(Short descriptive text snippets)
= = = = = = =

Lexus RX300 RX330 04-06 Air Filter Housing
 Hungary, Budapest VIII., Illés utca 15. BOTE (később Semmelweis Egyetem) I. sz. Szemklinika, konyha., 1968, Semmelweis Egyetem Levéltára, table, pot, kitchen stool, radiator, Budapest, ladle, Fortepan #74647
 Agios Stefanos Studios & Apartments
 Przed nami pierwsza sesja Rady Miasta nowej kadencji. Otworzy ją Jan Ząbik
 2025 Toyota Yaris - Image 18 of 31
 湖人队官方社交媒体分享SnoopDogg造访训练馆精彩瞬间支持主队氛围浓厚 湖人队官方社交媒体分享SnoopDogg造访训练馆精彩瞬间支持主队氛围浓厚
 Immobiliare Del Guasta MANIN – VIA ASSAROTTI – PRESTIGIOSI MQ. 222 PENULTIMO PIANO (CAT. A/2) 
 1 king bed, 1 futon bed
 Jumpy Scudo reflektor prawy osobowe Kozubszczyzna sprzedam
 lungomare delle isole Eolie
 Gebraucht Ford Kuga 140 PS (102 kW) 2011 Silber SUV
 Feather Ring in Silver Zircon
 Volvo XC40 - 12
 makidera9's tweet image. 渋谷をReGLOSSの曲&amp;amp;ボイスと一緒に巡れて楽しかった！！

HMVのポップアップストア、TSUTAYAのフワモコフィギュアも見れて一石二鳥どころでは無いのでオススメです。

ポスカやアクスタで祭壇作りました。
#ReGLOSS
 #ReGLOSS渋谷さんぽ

= = = = = = =

> **Assignment**
Retype the records that precede this task, keeping them exactly the same.

> **Answer**
Lexus RX300 RX330 04-06 Air Filter Housing
 Hungary, Budapest VIII., Illés utca 15. BOTE (később Semmelweis Egyetem) I. sz. Szemklinika, konyha., 1968, Semmelweis Egyetem Levéltára, table, pot, kitchen stool, radiator, Budapest, ladle, Fortepan #74647
 Agios Stefanos Studios & Apartments
 Przed nami pierwsza sesja Rady Miasta nowej kadencji. Otworzy ją Jan Ząbik
 2025 Toyota Yaris - Image 18 of 31
 湖人队官方社交媒体分享SnoopDogg造访训练馆精彩瞬间支持主队氛围浓厚 湖人队官方社交媒体分享SnoopDogg造访训练馆精彩瞬间支持主队氛围浓厚
 Immobiliare Del Guasta MANIN – VIA ASSAROTTI – PRESTIGIOSI MQ. 222 PENULTIMO PIANO (CAT. A/2) 
 1 king bed, 1 futon bed
 Jumpy Scudo reflektor prawy osobowe Kozubszczyzna sprzedam
 lungomare delle isole Eolie
 Gebraucht Ford Kuga 140 PS (102 kW) 2011 Silber SUV
 Feather Ring in Silver Zircon
 Volvo XC40 - 12
 makidera9's tweet image. 渋谷をReGLOSSの曲&amp;amp;ボイスと一緒に巡れて楽しかった！！

HMVのポップアップストア、TSUTAYAのフワモコフィギュアも見れて一石二鳥どころでは無いのでオススメです。

ポスカやアクスタで祭壇作りました。
#ReGLOSS
 #ReGLOSS渋谷さんぽ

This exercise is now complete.